If you’ve ever been out to dinner, were ready to bite into your delicious entree, and had your fork pushed away from the plate while a friend shrieked “wait, I gotta get this for Instagram,” your worst fears have come true. A new study suggests that taking pictures of one’s food before consuming it really does make it taste better. That’s because the experience of taking a picture — especially for those people who literally stand on their chairs to make sure to get the proper #foodporn angle — slows a person down long enough to appreciate their food, making that first bite just that much more wonderful for anyone who’s taken the time to hashtag the living hell out of their dinner.

Does it work for all food? No. According to the CBC, the effect of enjoying your food more after snapping it only works if what you’re eating is something incredibly wonderful and special (like a Kylie Jenner Milkshake, or a steak that’s been burned to delicious well-done perfection).

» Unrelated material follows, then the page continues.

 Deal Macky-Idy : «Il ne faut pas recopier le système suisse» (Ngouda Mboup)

So while taking a picture of your movie-themed chimichanga before sticking it in your face may be beneficial, you don’t need to go all out on that free breakfast the hotel offered on your last business trip. No #cereallife pics needed.

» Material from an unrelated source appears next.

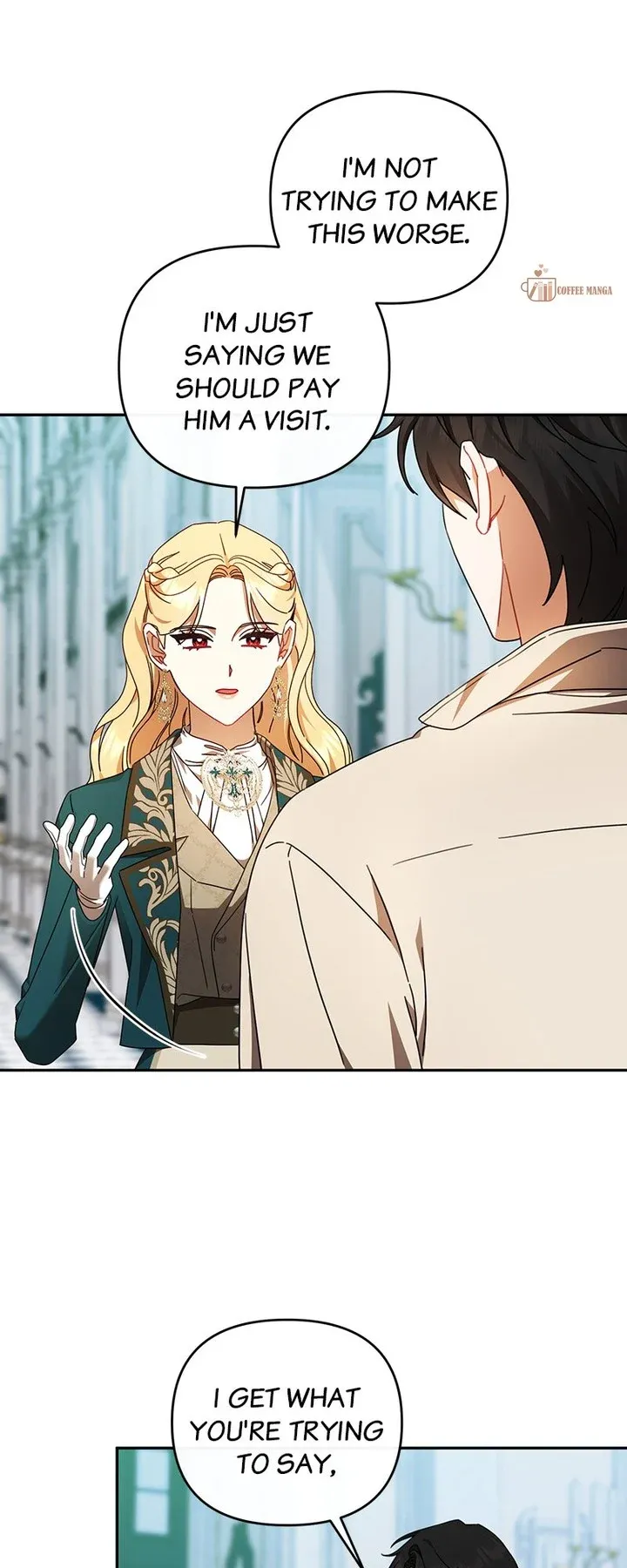 Ungracefully Grace Chapter 32 Online - página 43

The study, published in the Journal of Consumer Marketing, points out that it’s not actually the camera that makes the food taste better (because we don’t live in The Twilight Zone) but the ritual that comes before eating that makes it so great. While the new information suggests that it’s the perception of the food — healthy or indulgent — that makes you love it more, studies published in 2013 point out that any ritual (perhaps saying grace?) before a meal and delaying the gratification of that first bite can make it taste more delicious.

It’s a strong endorsement of an annoying behavior, even as more and more restaurants are trying to make it harder for people to ruin the dining experiences of others (because let’s face it, putting one foot on the table and raising your plate to the heavens to take a photo does ruin it for others).

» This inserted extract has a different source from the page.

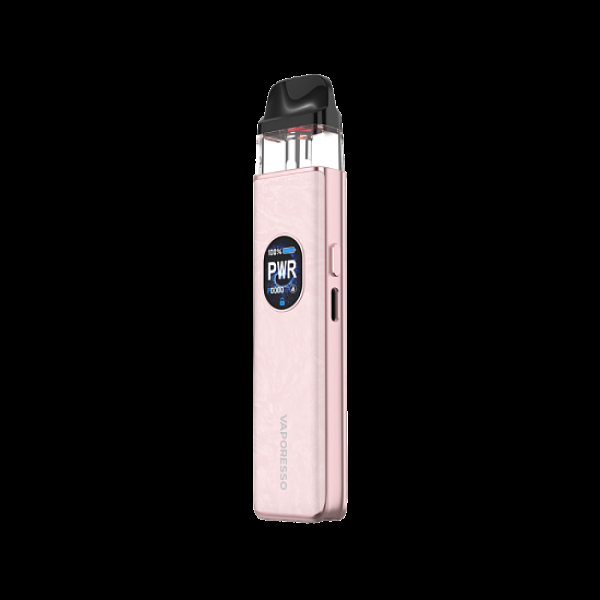 POD-система Vaporesso Xros 5     Opal Pink 1500 мАч в Воркуте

There might be even be more than one good thing coming out of this study. According to New York Magazine, taking pictures of healthy food can help one enjoy the consumption of food that’s neither sumptuous nor tempting, like the Green Goddess smoothie your chard-obsessed friends are always trying to get you to try.

This happens because seeing others publicize their own healthy choices makes eating healthy look more desirable. When we photograph our own #cleaneating pictures, we end up delaying taking part in the desirable act of eating healthy, building anticipated pleasure for what might otherwise seem like a bowl of green gloop. Something similar happens while taking a picture of a mountain of chili cheese fries or a steak. The only difference is that, in these situations, what we’re likely anticipating is the desirable flavor more than the virtuous act itself.

So should you also start taking pictures of everything you eat? In one way, it could work in the same way as tracking your diet, making you more aware of what you’re putting in your body. On the other hand, making everyone wait while you position your waffles just so (or, worse, demand they be sent back for a prettier presentation) might make your friends and family members want to murder you in cold blood, thereby removing any health benefits that come from your tireless food documentation.